The following is a packet trace taken on the receiver where a
sender is a VM with a VLAN configued. The host VM is running on
doest not have VLAN support and the outging interface on the
host is tg3:
10:12:43.503055 52:54:00:ae:42:3f > 28:d2:44:7d:c2:de, ethertype 802.1Q
(0x8100), length 78: vlan 100, p 0, ethertype IPv4, (tos 0x0, ttl 64, id 27243,
offset 0, flags [DF], proto TCP (6), length 60)
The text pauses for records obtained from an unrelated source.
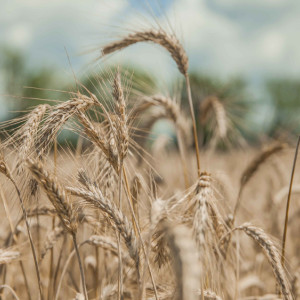 Евсеев день: что можно и нельзя делать 7 мая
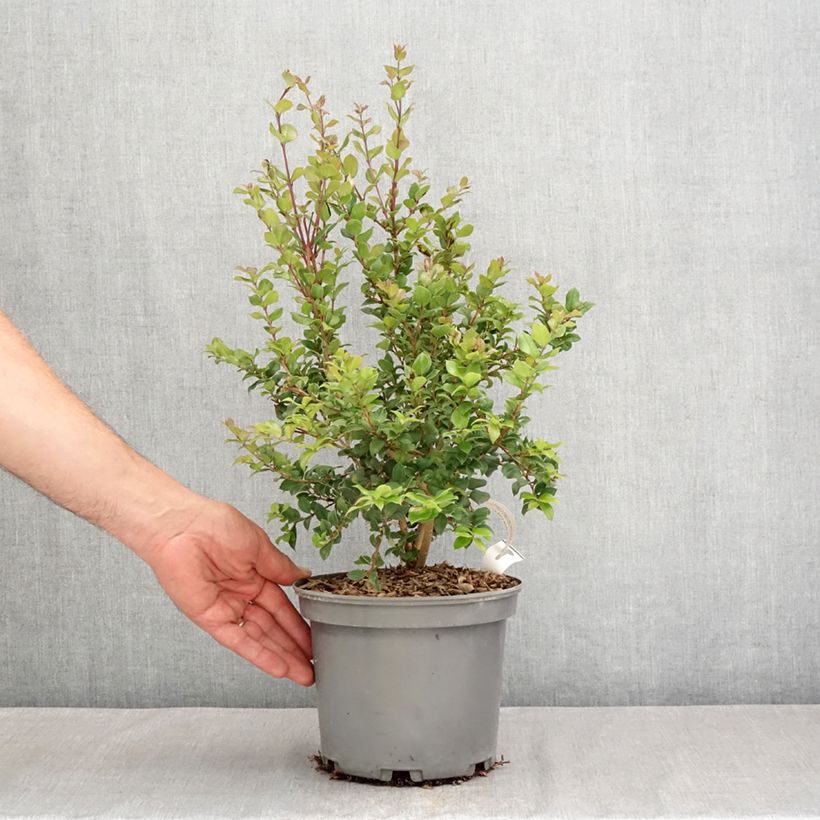 Esemplare di Myrtus luma Vaso da 3L/4L consegnato in estate
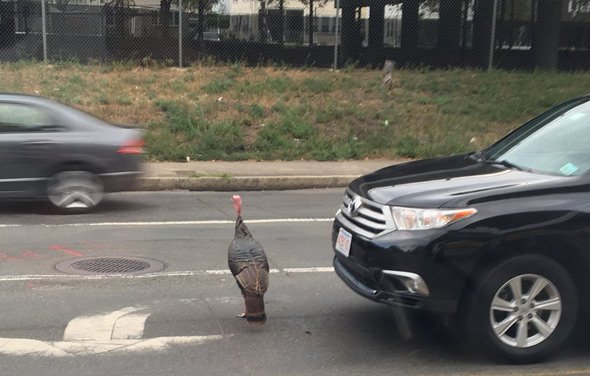 Turkey on Mystic Avenue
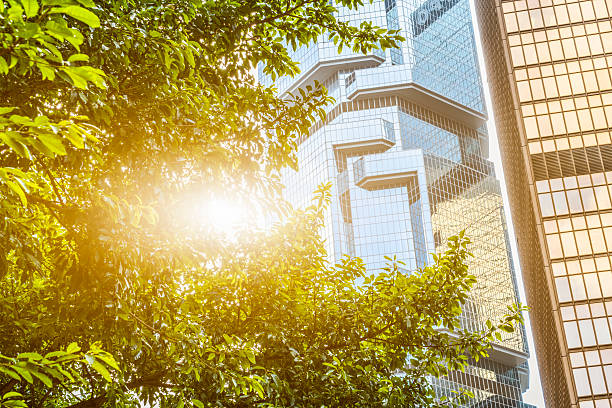 istock portion of trees against office buildings 624459872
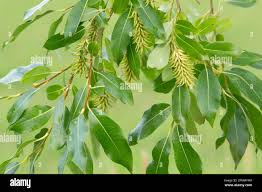 Attēlu rezultāti vaicājumam “Salix pentandra leaf”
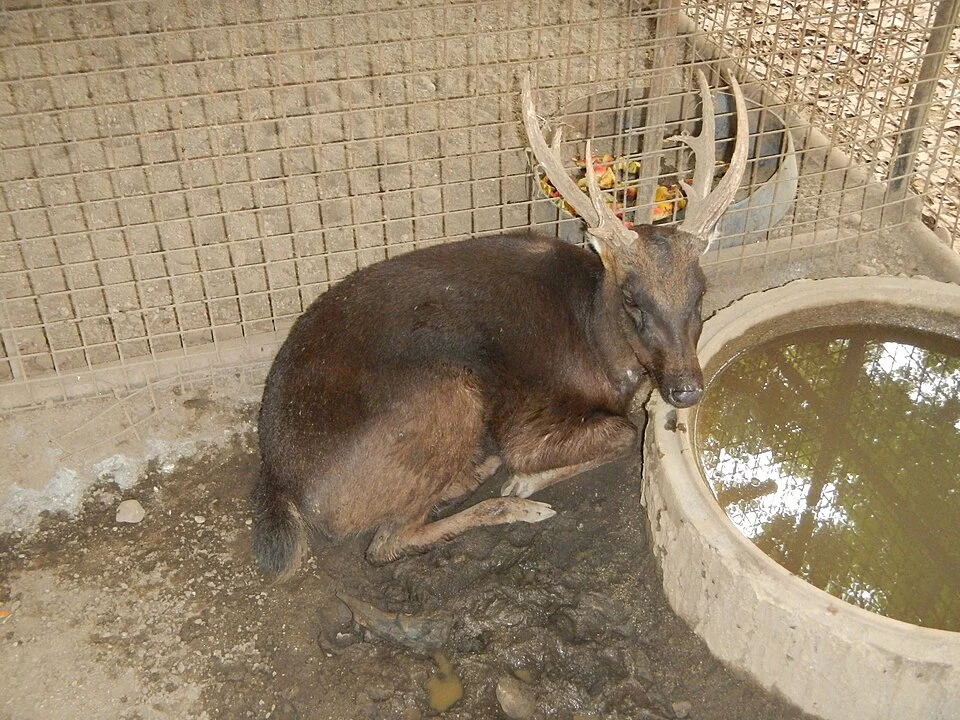 Philippine deer[1][2]
The Philippine deer (Rusa marianna), also known as the Philippine sambar or the Philippine Brown Deer, is a species of deer native to the forests and grasslands on most larger islands of the Philippines,. The only major islands where it is not distributed are Negros, Panay, Palawan, Sulu, and the Babuyan and Batanes island groups. It is classified as Vulnerable by the IUCN due to its increasingly fragmented populations as a result of habitat loss and hunting. Ninoy Aquino Parks & Wildlife Center[3]  (NAPWC)  is a 64.58-hectare (159.6-acre) zoological and botanical garden 
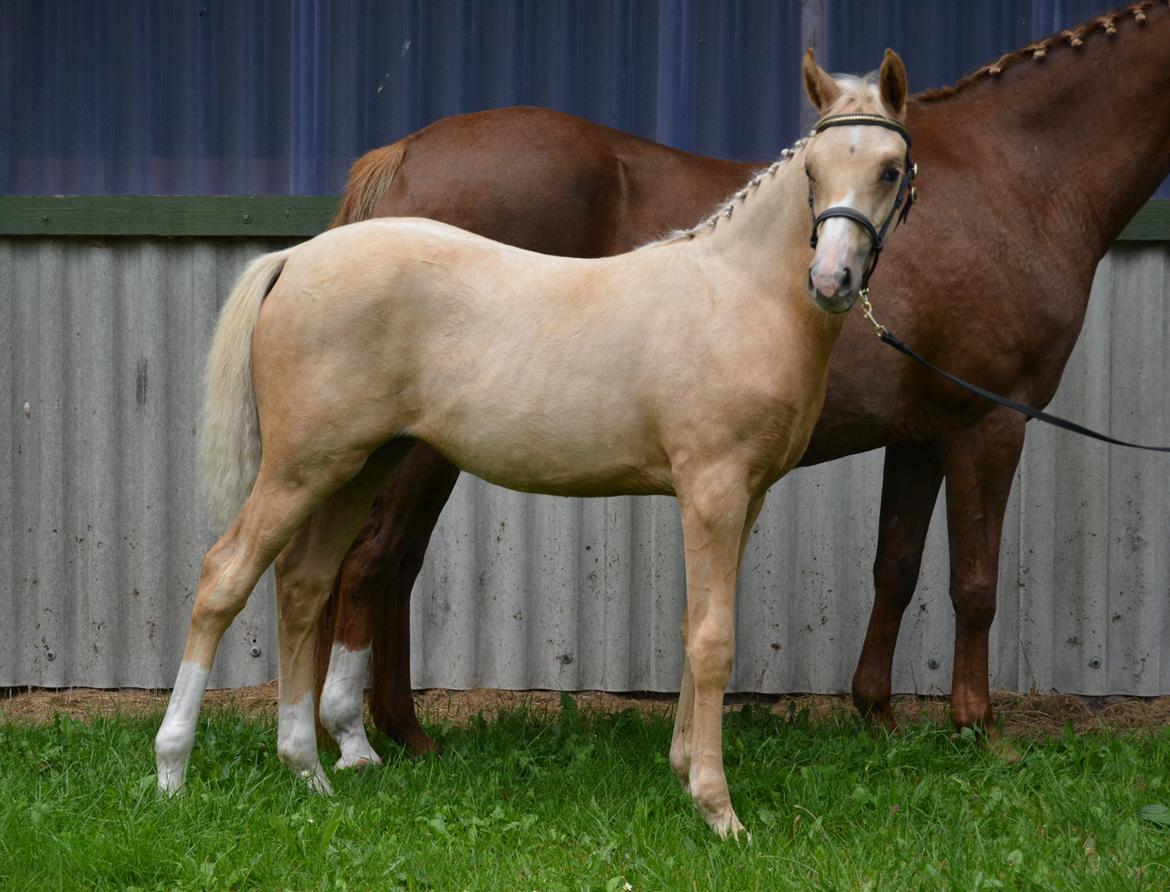 DSP Lykkebo Cayla billede 29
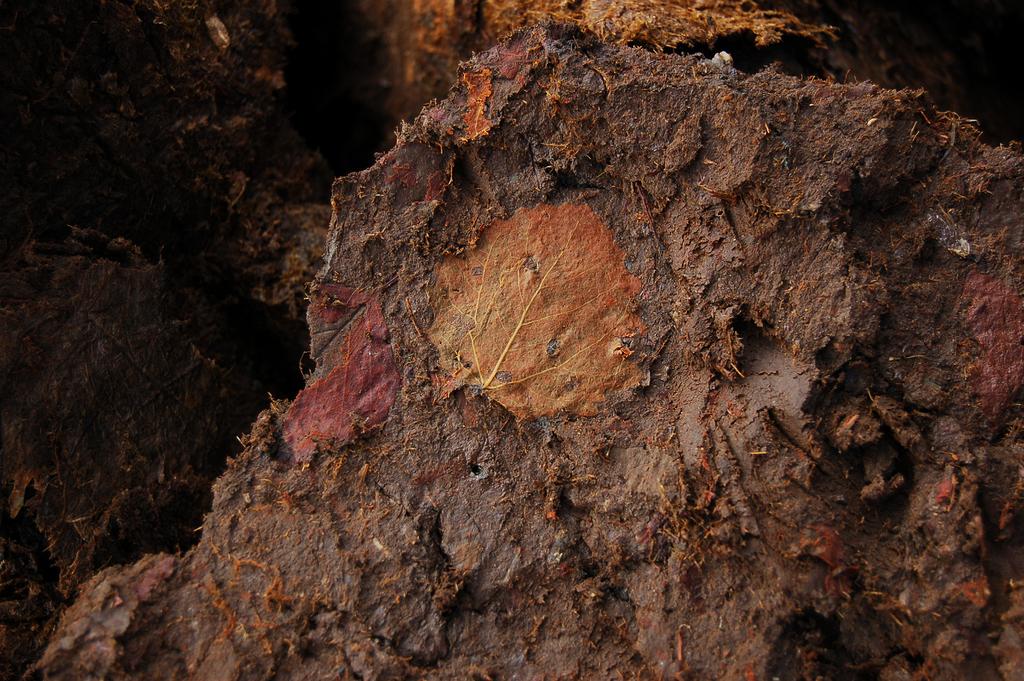 Figur 2. Välbevarat asplöv (Populus tremula) funnet i gyttjan. Från tidigmesolitisk tid. Foto Per Lagerås, 2007-10-04.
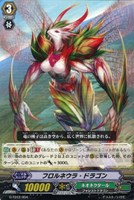 フロルネウラ・ドラゴン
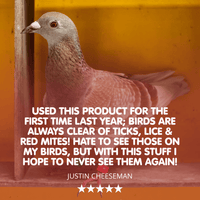 Eradi-Mite Bundle - Red Mite Prevention & Cure for Racing Pigeons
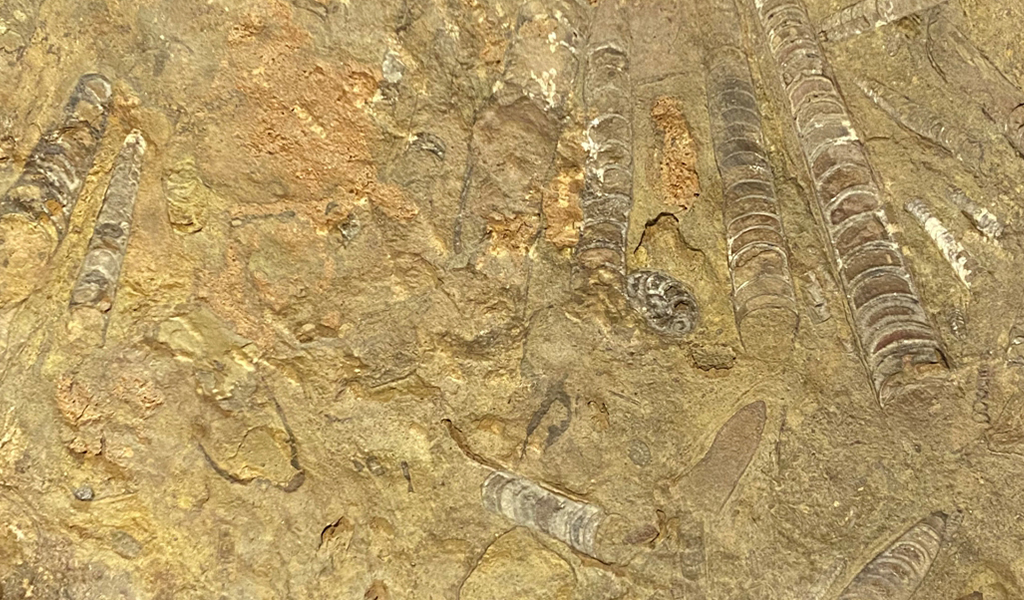 摩洛哥直角石與菊石化石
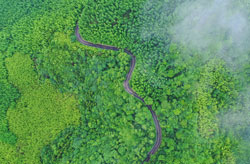 重慶：竹海變金山 生態變了現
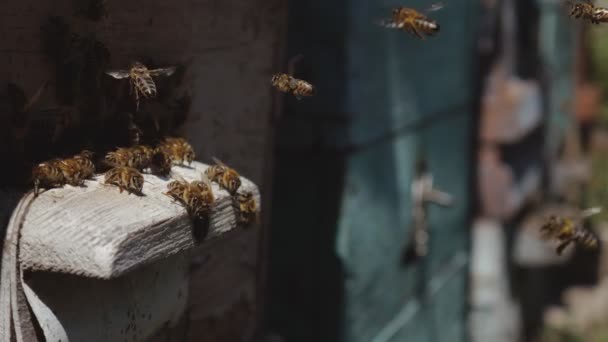 Arılar arı kovanından uçarlar, çalışan arıların yakın görünümü. Ormanda arı evi. Arı kovanı etrafında uçan arı kolonisi. — Stok video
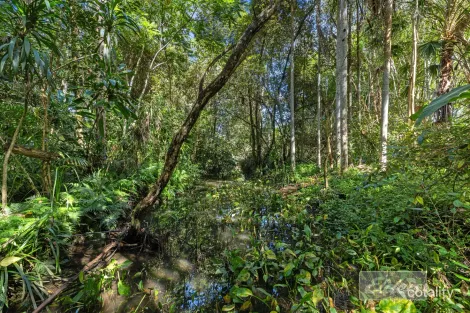 Property photo of 35 Lake Macdonald Drive Cooroy QLD 4563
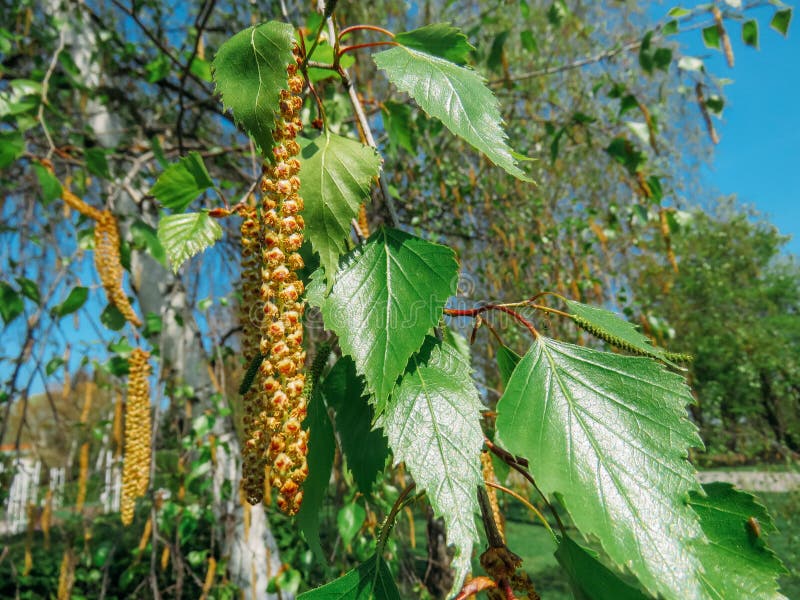 Blossoming trees in spring royalty free stock image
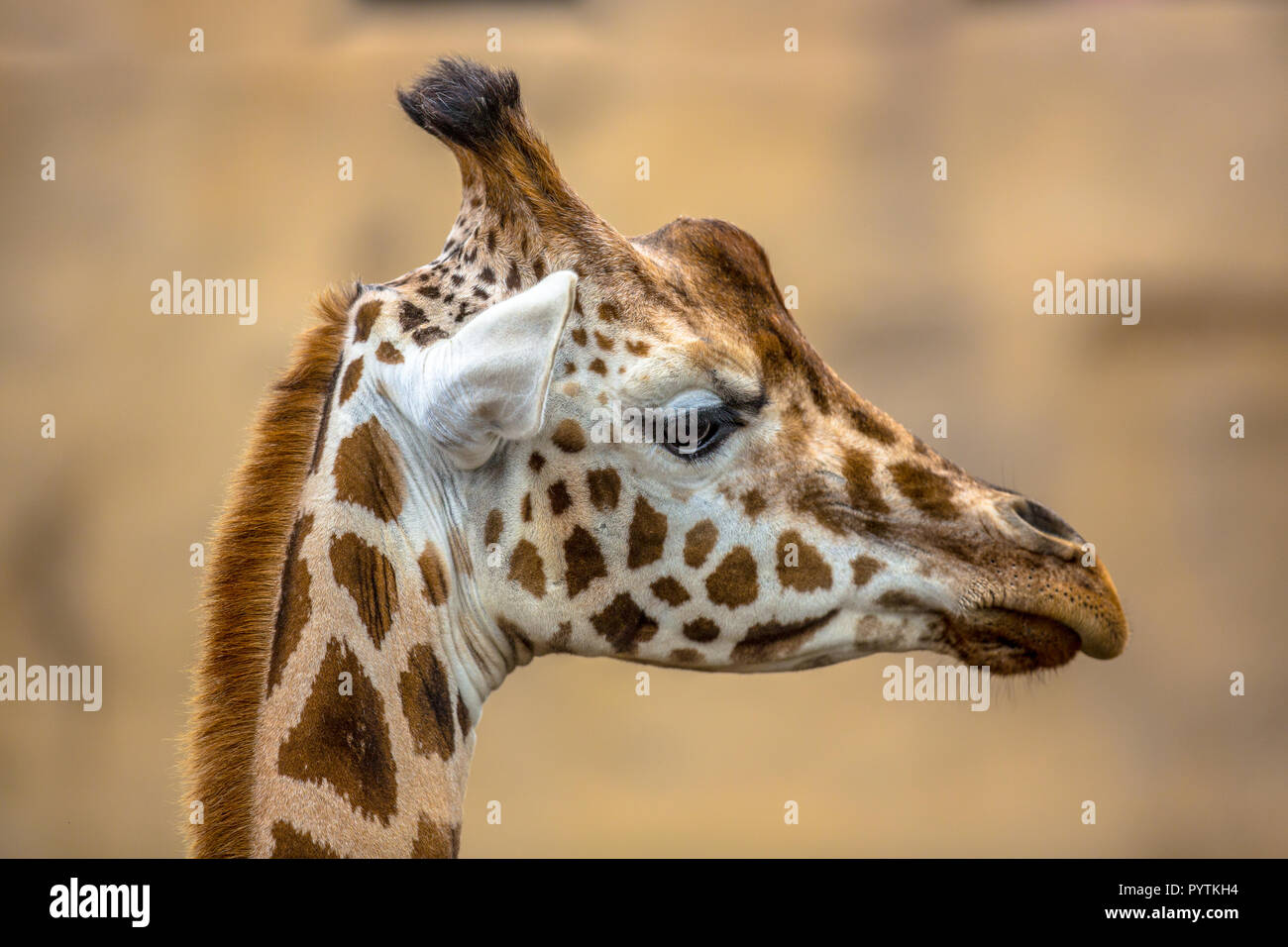 Head profile of southern giraffe (Giraffa giraffa). This  is a species of mammal native to Southern Africa. Stock Photo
10.0.100.1.58545 > 10.0.100.10.ircu-2: Flags [S], cksum 0xdc39 (incorrect
-> 0x48d9), seq 1069378582, win 29200, options [mss 1460,sackOK,TS val
4294837885 ecr 0,nop,wscale 7], length 0
10:12:44.505556 52:54:00:ae:42:3f > 28:d2:44:7d:c2:de, ethertype 802.1Q
(0x8100), length 78: vlan 100, p 0, ethertype IPv4, (tos 0x0, ttl 64, id 27244,
offset 0, flags [DF], proto TCP (6), length 60)
10.0.100.1.58545 > 10.0.100.10.ircu-2: Flags [S], cksum 0xdc39 (incorrect
-> 0x44ee), seq 1069378582, win 29200, options [mss 1460,sackOK,TS val
4294838888 ecr 0,nop,wscale 7], length 0
This connection finally times out.
I've only access to the TG3 hardware in this configuration thus have
only tested this with TG3 driver. There are a lot of other drivers
that do not permit user changes to vlan acceleration features, and
I don't know if they all suffere from a similar issue.
The patch attempt to fix this another way. It moves the vlan header
stipping code out of the vlan module and always builds it into the
kernel network core. This way, even if vlan is not supported on
a virtualizatoin host, the virtual machines running on top of such
host will still work with VLANs enabled.
CC: Patrick McHardy <kaber@trash.net>
CC: Nithin Nayak Sujir <nsujir@broadcom.com>
CC: Michael Chan <mchan@broadcom.com>
CC: Jiri Pirko <jiri@resnulli.us>
Signed-off-by: Vladislav Yasevich <vyasevic@redhat.com>
Acked-by: Jiri Pirko <jiri@resnulli.us>
Signed-off-by: David S. Miller <davem@davemloft.net>
Signed-off-by: Greg Kroah-Hartman <gregkh@linuxfoundation.org>
---
include/linux/if_vlan.h | 6 -----
include/linux/skbuff.h | 1
net/8021q/vlan_core.c | 53 ------------------------------------------------
net/bridge/br_vlan.c | 2 -
net/core/dev.c | 2 -
net/core/skbuff.c | 53 ++++++++++++++++++++++++++++++++++++++++++++++++
6 files changed, 56 insertions(+), 61 deletions(-)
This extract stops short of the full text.